Solved – Why take the gradient of the moments (mean and variance) when using Batch Normalization in a Neural Network

conv-neural-networkmachine learningneural networks

When doing Batch Normalization (BN) it makes sense to me to treat the BN transform as a layer that we need to do back propagatiod and thus have derivatives to update its parameters (for each layer) the scale $\gamma^{(k)}$ and shift $\beta^{(k)}$.

However, what does not make sense to me is why we would need the derivates of the moments (mean $\mu$ and variance $\sigma$) using gradient descent. This is clearly reflected in the paper (but not explained clearly) when they even have derivatives with respect to these two quantities on page 4:

$$ \frac{\partial l}{\partial \sigma^2_{\mathcal{B}}} = \sum^{m}_{i=1}
\frac{\partial \mathcal{l}}{\partial \hat x_i} \cdot (x_i –
\mu_{\mathcal{B}} ) \cdot \frac{-1}{2} ( \sigma^2_{\mathcal{B}} +
\epsilon )^{-\frac{3}{2}}$$

$$ \frac{\partial l}{\partial \mu_{\mathcal{B}}} =
\left(\sum^{m}_{i=1} \frac{\partial \mathcal{l}}{\partial \hat x_i}
\cdot \frac{-1}{\sqrt{\sigma_{\mathcal{B}}^2 + \epsilon }} \right) +
\frac{\partial l}{\partial \sigma^2_{\mathcal{B}}} \cdot \frac{
\sum^m_{i=1} -2 (x_i – \mu_{\mathcal{B}} }{m} ) $$

The thing that is specifically confusing me is that I thought the means and standard deviations were constant during a specific epoch of training (so their derivatives should be zero. I thought that because the original paper said:

we make the second simplification: since we use mini-batches in stochastic gradient training, each mini-batch produces estimates of the mean and variance of each activation.

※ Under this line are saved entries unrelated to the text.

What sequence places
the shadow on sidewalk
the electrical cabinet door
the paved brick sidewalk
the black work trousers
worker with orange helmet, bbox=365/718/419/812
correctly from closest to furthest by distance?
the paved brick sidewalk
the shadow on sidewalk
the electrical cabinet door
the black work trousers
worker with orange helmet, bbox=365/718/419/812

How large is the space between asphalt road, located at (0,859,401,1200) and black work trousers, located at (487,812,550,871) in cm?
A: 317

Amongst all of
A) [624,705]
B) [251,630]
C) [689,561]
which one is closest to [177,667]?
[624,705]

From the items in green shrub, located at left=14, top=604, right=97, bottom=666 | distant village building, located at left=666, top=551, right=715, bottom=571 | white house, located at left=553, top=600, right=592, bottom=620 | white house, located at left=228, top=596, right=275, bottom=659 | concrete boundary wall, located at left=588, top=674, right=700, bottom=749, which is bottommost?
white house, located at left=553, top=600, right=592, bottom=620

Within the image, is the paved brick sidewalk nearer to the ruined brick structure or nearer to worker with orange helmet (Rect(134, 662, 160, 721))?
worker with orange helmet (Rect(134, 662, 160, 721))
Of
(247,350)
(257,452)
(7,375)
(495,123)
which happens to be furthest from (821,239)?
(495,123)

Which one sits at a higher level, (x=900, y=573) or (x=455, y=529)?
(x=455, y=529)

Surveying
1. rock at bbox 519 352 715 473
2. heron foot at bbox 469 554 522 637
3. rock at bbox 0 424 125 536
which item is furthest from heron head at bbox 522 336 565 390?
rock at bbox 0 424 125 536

Furthermore, in their pseudocode they even compute the (moments) mean and variance according to the current batch:

enter image description here

which further confuses me why there would even be any derivatives with respect to such quantities.

Furthermore, they seem to be the population mean and variance during inference, which makes me further suspect that the moments (mean and variance) should be not be variables. Are they parameters, variables or constants? Someone knows?

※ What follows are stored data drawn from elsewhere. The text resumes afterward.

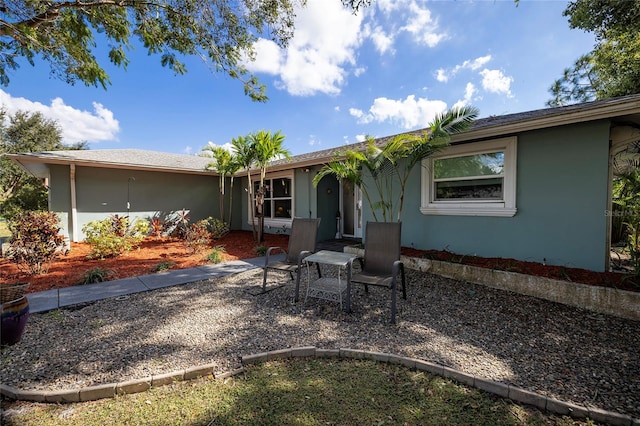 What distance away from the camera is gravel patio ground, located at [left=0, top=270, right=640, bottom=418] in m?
2.39

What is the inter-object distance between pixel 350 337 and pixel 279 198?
8.41 m

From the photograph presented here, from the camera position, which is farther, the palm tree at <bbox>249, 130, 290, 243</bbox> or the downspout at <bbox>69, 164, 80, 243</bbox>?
the downspout at <bbox>69, 164, 80, 243</bbox>

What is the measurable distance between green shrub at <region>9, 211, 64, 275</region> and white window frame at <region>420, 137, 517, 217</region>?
323 inches

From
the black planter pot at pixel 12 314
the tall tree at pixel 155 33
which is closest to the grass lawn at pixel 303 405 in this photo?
the black planter pot at pixel 12 314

2: Ioffe S. and Szegedy C. (2015),
"Batch Normalization: Accelerating Deep Network Training by Reducing
Internal Covariate Shift",
Proceedings of the 32nd International Conference on Machine Learning, Lille, France, 2015.
Journal of Machine Learning Research: W&CP volume 37

Best Answer

Derivatives of the moments are used for backpropagation.

Along the two derivatives of the moments on page 4, it gives the derivatives with respect to the input, which makes use of the derivative of the moments, $$\frac{\partial l}{\partial x}=\frac{\partial l}{\partial \hat{x}}\cdot\frac{1}{\sqrt{\sigma^2+\epsilon}}+\frac{\partial l}{\partial \sigma^2}\cdot\frac{2(x-\mu)}{m}+\frac{\partial l}{\partial \mu}\cdot\frac{1}{m},$$ which will be used for computing the derivatives of the parameters in previous layers by the chain rule.

IMO, the moments are not treated as parameters nor constants, they can be thought of as some intermediate results of computing the output of the layer.